Chihuahua, Chih.- La diputada federal por el Partido Acción Nacional, María Angélica «Manque» Granados Trespalacios, externó su rechazo categórico frente al citatorio que la Fiscalía General de la República notificó a la gobernadora de Chihuahua, María Eugenia Campos Galván. La legisladora federal aseguró que el emplazamiento judicial representa un eslabón más de una estrategia de intimidación coordinada desde el centro del país que busca desestabilizar a las entidades de oposición que defienden su soberanía.
Granados Trespalacios señaló que el andamiaje legal de la federación se está aplicando con criterios políticos para mermar los perfiles gubernamentales competitivos del norte de México. La diputada argumentó que el proceder del Ministerio Público de la Federación revela una profunda incongruencia institucional, al apresurar requerimientos formales contra una mandataria que combate los índices de delincuencia mientras se ignoran las denuncias públicas sobre presuntos vínculos criminales de funcionarios allegados al partido en el poder.
La representante del distrito federal número seis manifestó el respaldo absoluto de los legisladores del bloque del partido blanquiazul a las decisiones procesales que el equipo jurídico del Palacio de Gobierno determine implementar ante esta orden ministerial. Enfatizó que la sociedad y las instituciones locales mantendrán la defensa del Estado de Derecho, señalando que la entidad cuenta con la fuerza y la dignidad necesarias para no arrodillarse frente a presiones partidistas encubiertas bajo el rubro de procedimientos de investigación legal.

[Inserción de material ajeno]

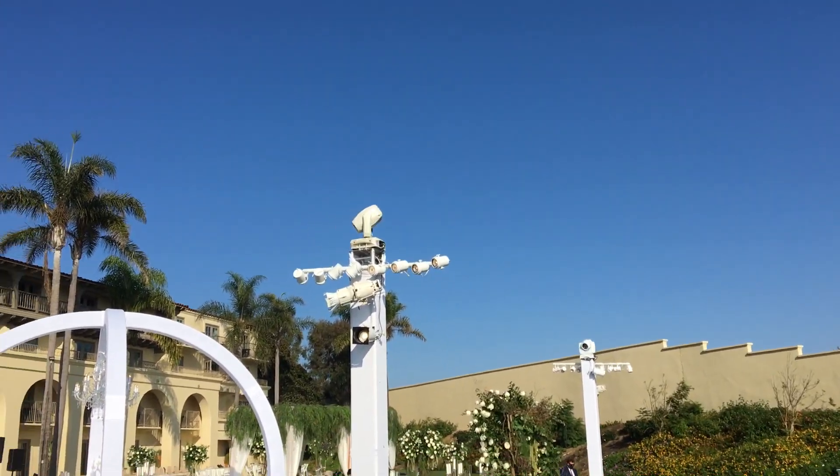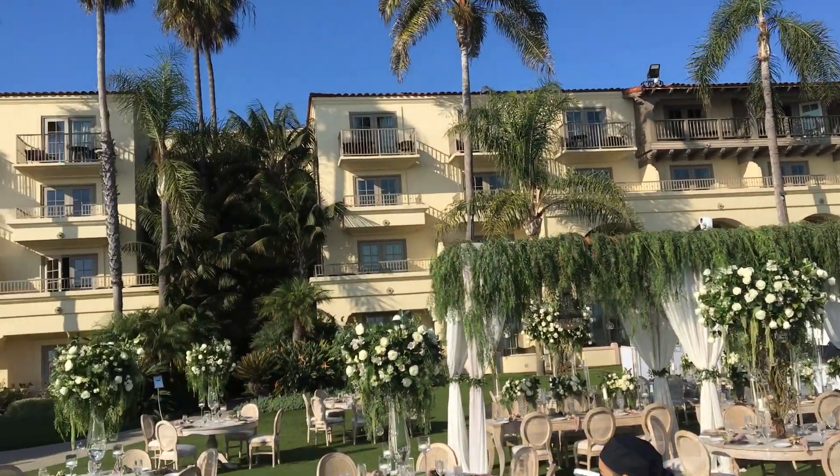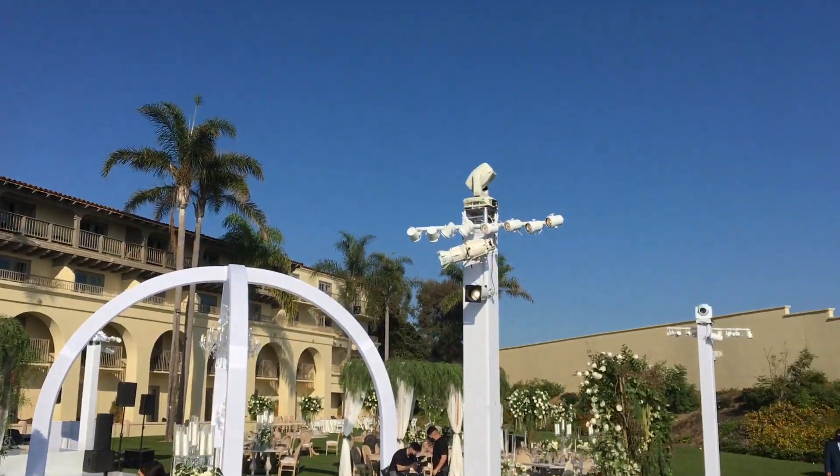I'm running a lot of lighting today for today's epic setup. Also two sparklers for this outdoor wedding here at the Ritz Carlton Dana Point. So yeah, we are good, ready to go.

Finalmente, la congresista exhortó a las dependencias de procuración de justicia de la república a conducirse bajo principios de estricta imparcialidad y transparencia, erradicando el uso faccioso del aparato gubernamental como un brazo político para incidir en el terreno electoral. Sostuvo que las problemáticas estructurales del país en seguridad y educación requieren de una coordinación interinstitucional transparente, en lugar del despliegue de mecanismos centralistas orientados a perseguir y hostigar de forma selectiva a quienes sostienen posturas críticas al régimen.